___ Information shown

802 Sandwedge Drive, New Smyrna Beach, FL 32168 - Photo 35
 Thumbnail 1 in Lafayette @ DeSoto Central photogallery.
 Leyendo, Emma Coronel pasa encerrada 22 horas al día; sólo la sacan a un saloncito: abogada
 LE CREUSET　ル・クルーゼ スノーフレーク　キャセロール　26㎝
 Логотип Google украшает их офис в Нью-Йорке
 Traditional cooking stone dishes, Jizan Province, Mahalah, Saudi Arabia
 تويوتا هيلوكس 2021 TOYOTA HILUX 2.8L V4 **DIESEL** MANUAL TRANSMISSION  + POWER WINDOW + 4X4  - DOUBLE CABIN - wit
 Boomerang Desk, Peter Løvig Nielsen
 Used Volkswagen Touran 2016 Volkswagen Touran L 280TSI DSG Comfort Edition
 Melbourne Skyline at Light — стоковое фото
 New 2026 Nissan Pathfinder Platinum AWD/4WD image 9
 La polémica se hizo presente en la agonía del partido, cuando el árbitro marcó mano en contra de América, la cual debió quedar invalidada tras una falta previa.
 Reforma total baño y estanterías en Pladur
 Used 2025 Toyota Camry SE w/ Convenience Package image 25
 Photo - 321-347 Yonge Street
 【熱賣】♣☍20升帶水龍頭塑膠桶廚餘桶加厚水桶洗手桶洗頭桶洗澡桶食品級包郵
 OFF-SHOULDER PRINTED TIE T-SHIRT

______

**Work instruction**. Start with the line above that contains "تويوتا هيلوكس 2021" and end with the line that contains "Used 2025 Toyota". Write out those lines exactly, and only those.

**Answer space**.
 تويوتا هيلوكس 2021 TOYOTA HILUX 2.8L V4 **DIESEL** MANUAL TRANSMISSION  + POWER WINDOW + 4X4  - DOUBLE CABIN - wit
 Boomerang Desk, Peter Løvig Nielsen
 Used Volkswagen Touran 2016 Volkswagen Touran L 280TSI DSG Comfort Edition
 Melbourne Skyline at Light — стоковое фото
 New 2026 Nissan Pathfinder Platinum AWD/4WD image 9
 La polémica se hizo presente en la agonía del partido, cuando el árbitro marcó mano en contra de América, la cual debió quedar invalidada tras una falta previa.
 Reforma total baño y estanterías en Pladur
 Used 2025 Toyota Camry SE w/ Convenience Package image 25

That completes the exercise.